As if Hyams had not taken enough ballsy liberties with the property already, the final half-hour of the film goes headlong into - of all things - Apocalypse Now territory, with Deveraux emerging as a mysterious, almost God-like Kurtz figure, who exists right at the end of John's journey down the river to confront his very own heart of darkness. To essentially have Jean Claude Van Damme usurp Marlon Brando, complete with bald head and face paint, seems too ridiculous to conceive, let alone voluntarily employ in a Universal Soldier movie - but in this increasingly deranged universe it somehow holds together. With Adkins rampaging through Deveraux's underground bunker lair in a series of extended single-takes that feel straight out of a video game and not dissimilar to the tongue-in-cheek opening of Mabrouk El Mechri's JCVD, Deveraux's detached stillness is an effective counterpoint. One can't help but also see this finale as a symbolic handing over of the baton, from Van Damme to Adkins, that could (wisely) see the latter continuing the series in the future, while the former finally steps away.
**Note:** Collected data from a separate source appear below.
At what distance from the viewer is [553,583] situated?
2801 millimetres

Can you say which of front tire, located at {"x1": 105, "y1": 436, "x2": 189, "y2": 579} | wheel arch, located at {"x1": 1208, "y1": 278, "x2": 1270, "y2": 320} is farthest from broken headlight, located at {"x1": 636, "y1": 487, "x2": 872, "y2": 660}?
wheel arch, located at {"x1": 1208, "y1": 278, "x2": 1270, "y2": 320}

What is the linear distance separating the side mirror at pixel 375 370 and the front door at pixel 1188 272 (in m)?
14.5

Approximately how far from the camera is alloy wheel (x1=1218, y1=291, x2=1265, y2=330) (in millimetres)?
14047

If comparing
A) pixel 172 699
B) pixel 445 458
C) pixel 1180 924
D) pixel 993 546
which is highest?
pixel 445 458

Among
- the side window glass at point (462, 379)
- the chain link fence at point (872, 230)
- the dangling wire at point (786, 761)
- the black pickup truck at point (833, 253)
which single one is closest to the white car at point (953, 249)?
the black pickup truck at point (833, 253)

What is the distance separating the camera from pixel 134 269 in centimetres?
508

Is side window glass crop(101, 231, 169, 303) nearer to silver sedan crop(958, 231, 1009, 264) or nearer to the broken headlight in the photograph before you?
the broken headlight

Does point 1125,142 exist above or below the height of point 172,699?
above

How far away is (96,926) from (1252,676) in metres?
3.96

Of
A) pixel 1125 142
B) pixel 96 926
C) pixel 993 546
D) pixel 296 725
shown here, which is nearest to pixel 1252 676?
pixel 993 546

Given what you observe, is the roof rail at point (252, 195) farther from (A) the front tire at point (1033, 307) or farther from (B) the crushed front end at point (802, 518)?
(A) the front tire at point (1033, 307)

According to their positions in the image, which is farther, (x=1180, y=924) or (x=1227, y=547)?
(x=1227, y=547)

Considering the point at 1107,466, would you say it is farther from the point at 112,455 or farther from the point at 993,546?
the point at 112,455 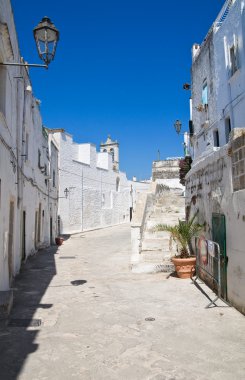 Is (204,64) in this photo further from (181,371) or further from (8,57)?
(181,371)

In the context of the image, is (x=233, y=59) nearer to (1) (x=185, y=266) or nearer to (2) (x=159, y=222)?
(2) (x=159, y=222)

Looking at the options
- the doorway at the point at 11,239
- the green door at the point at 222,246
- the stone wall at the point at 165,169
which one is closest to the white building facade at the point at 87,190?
the stone wall at the point at 165,169

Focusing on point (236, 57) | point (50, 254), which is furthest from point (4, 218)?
point (236, 57)

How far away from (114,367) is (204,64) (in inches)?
740

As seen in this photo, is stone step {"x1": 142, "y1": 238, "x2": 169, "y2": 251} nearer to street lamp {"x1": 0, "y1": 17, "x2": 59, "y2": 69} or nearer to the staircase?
the staircase

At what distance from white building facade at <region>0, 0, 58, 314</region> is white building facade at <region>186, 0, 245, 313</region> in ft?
15.4

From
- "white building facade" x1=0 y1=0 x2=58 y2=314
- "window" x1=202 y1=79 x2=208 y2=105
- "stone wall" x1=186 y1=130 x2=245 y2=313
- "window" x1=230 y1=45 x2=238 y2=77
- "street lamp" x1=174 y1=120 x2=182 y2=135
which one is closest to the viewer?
"stone wall" x1=186 y1=130 x2=245 y2=313

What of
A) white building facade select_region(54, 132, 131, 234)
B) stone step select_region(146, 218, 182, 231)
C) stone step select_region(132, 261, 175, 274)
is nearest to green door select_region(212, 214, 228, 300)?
stone step select_region(132, 261, 175, 274)

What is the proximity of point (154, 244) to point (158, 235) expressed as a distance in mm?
891

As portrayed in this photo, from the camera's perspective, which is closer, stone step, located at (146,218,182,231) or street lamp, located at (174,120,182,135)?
stone step, located at (146,218,182,231)

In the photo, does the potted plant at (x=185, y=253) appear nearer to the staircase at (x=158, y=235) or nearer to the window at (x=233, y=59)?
the staircase at (x=158, y=235)

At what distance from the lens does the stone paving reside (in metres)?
3.85

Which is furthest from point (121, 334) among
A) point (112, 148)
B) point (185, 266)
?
point (112, 148)

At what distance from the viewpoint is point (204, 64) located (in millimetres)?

All told, Universal Soldier: Day of Reckoning delivered enough thrills, bloodshed and jaw-dropping fight scenes to whip up the Fantastic Fest crowd into a blood-baying frenzy. It's not perfect by any means - half an hour in I'm sure I wasn't the only one struggling to see where the film was going - but by the end I was grinning ear to ear. Hyams' enthusiasm for expanding this universe, exploring the existential possibilities of his heroes and villains (no, really - the guy cares!) serves to underscore that good science fiction comes from great ideas, rather than huge budgets and visual spectacle. In 1992, nobody could have possibly imagined where the UniSol series would end up twenty years later. But with the enthusiastic and creatively ambitious talents of Hyams, Adkins and Stovall at the controls, this franchise is set to run and run - and right now it's anybody's guess where they might take us.